_Aim of the task_.
Here the job is to retype the data word for word while leaving the pictures aside.

_Data_.
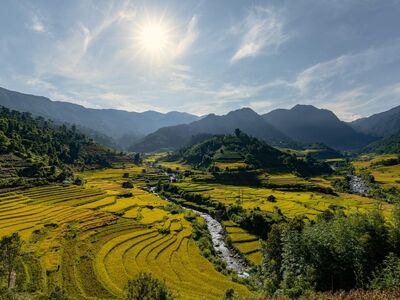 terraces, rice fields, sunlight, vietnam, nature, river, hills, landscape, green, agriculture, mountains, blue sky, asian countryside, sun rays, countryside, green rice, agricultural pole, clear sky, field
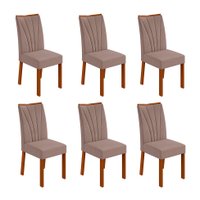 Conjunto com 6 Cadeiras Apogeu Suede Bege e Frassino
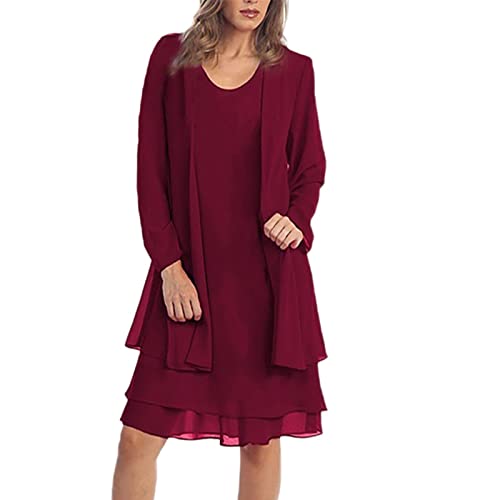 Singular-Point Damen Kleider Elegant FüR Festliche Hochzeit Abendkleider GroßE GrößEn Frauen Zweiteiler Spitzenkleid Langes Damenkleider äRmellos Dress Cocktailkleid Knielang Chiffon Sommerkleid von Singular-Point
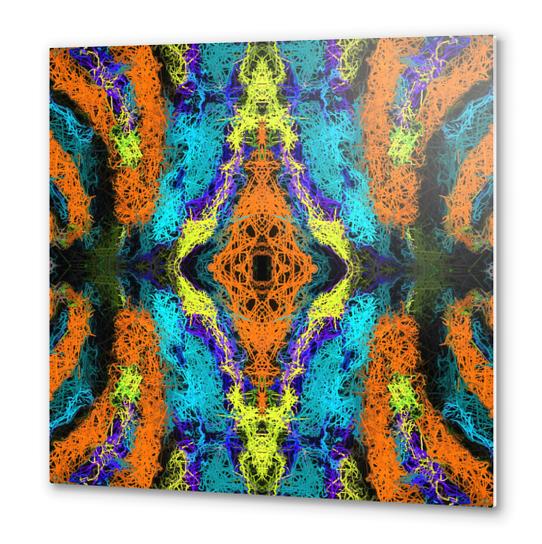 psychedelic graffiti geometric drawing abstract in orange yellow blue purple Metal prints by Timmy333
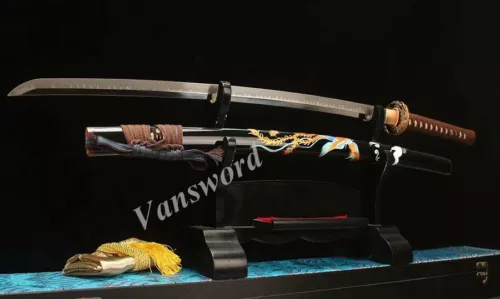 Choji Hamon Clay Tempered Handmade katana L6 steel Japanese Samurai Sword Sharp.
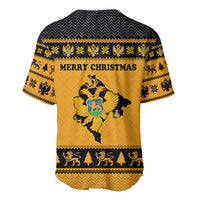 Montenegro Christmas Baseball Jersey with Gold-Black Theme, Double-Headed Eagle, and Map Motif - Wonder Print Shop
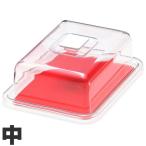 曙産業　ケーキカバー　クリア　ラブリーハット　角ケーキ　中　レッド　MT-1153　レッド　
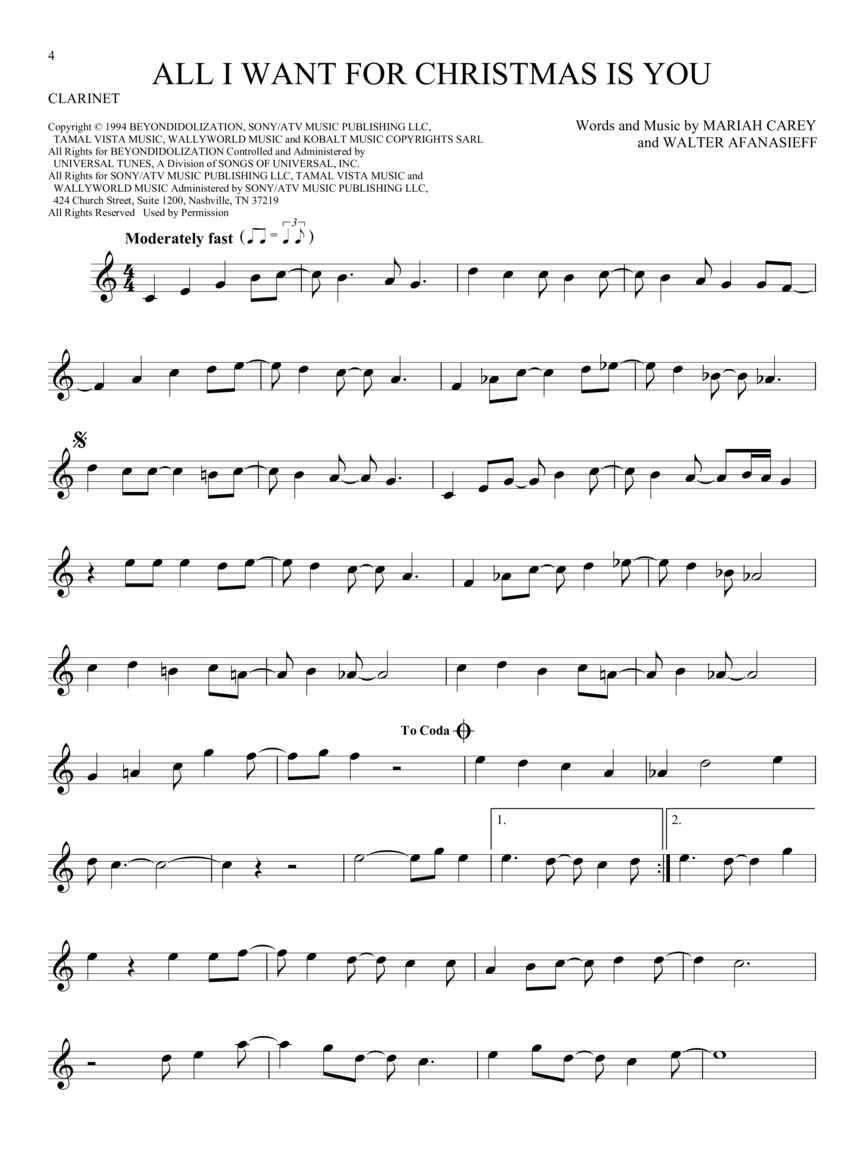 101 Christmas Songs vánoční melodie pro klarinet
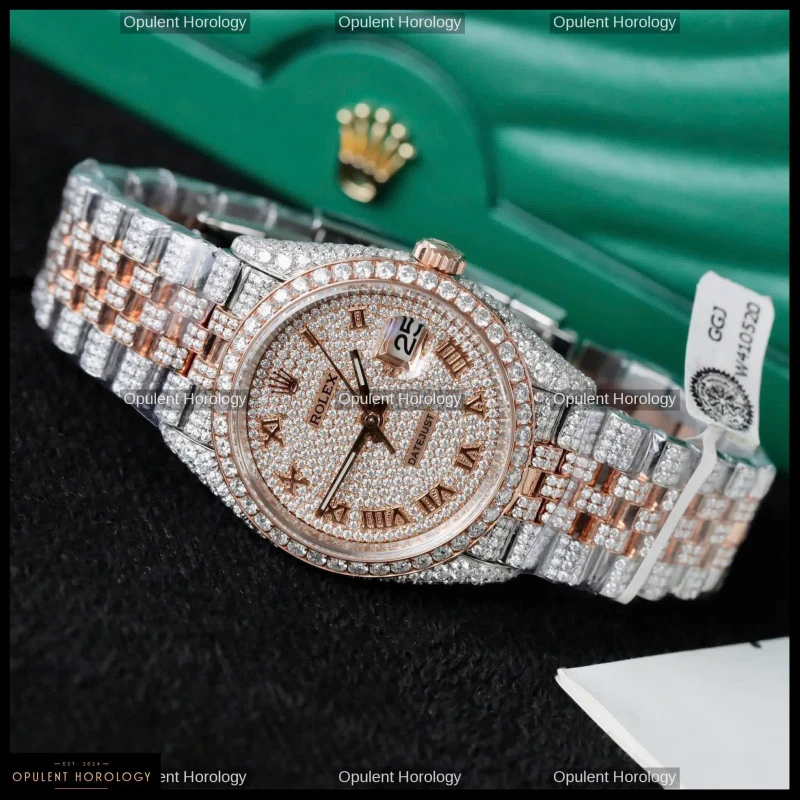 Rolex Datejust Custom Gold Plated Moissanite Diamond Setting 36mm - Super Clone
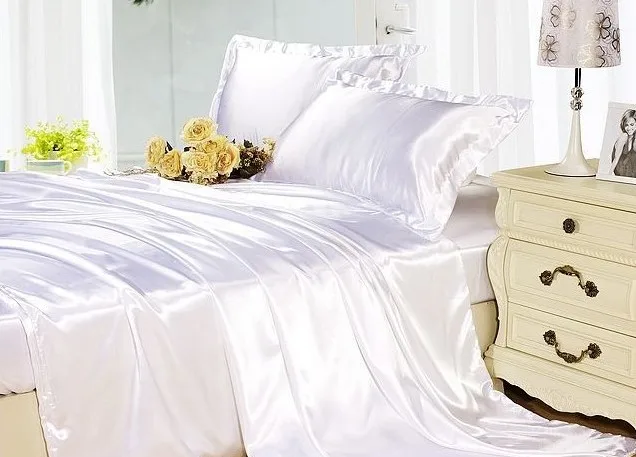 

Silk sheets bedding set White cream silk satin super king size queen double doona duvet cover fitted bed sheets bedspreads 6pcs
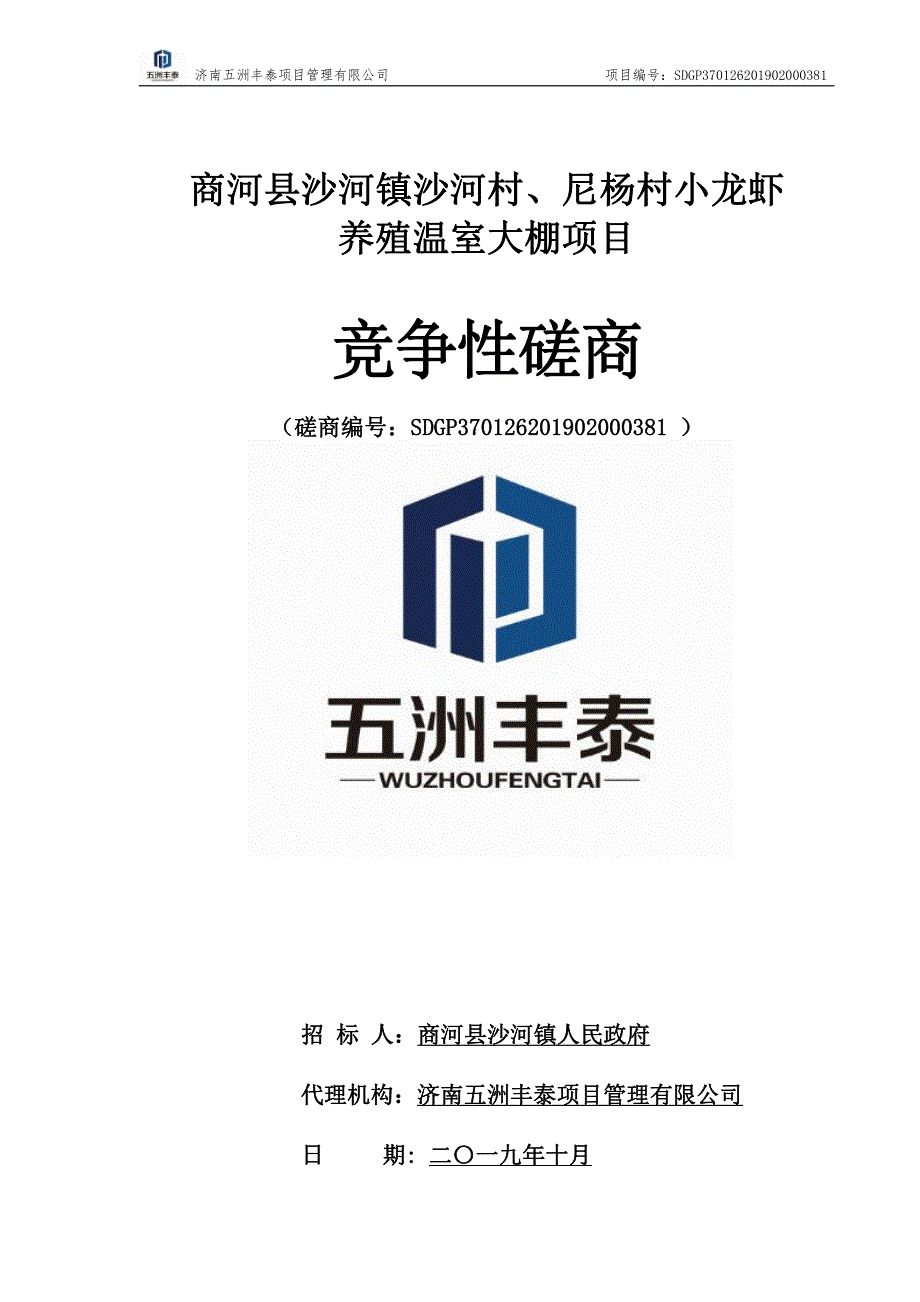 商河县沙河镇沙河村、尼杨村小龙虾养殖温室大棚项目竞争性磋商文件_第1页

_Answer to the exercise_.
 terraces, rice fields, sunlight, vietnam, nature, river, hills, landscape, green, agriculture, mountains, blue sky, asian countryside, sun rays, countryside, green rice, agricultural pole, clear sky, field
 Conjunto com 6 Cadeiras Apogeu Suede Bege e Frassino
 Singular-Point Damen Kleider Elegant FüR Festliche Hochzeit Abendkleider GroßE GrößEn Frauen Zweiteiler Spitzenkleid Langes Damenkleider äRmellos Dress Cocktailkleid Knielang Chiffon Sommerkleid von Singular-Point
 psychedelic graffiti geometric drawing abstract in orange yellow blue purple Metal prints by Timmy333
 Choji Hamon Clay Tempered Handmade katana L6 steel Japanese Samurai Sword Sharp.
 Montenegro Christmas Baseball Jersey with Gold-Black Theme, Double-Headed Eagle, and Map Motif - Wonder Print Shop
 曙産業　ケーキカバー　クリア　ラブリーハット　角ケーキ　中　レッド　MT-1153　レッド　
 101 Christmas Songs vánoční melodie pro klarinet
 Rolex Datejust Custom Gold Plated Moissanite Diamond Setting 36mm - Super Clone

Silk sheets bedding set White cream silk satin super king size queen double doona duvet cover fitted bed sheets bedspreads 6pcs
 商河县沙河镇沙河村、尼杨村小龙虾养殖温室大棚项目竞争性磋商文件_第1页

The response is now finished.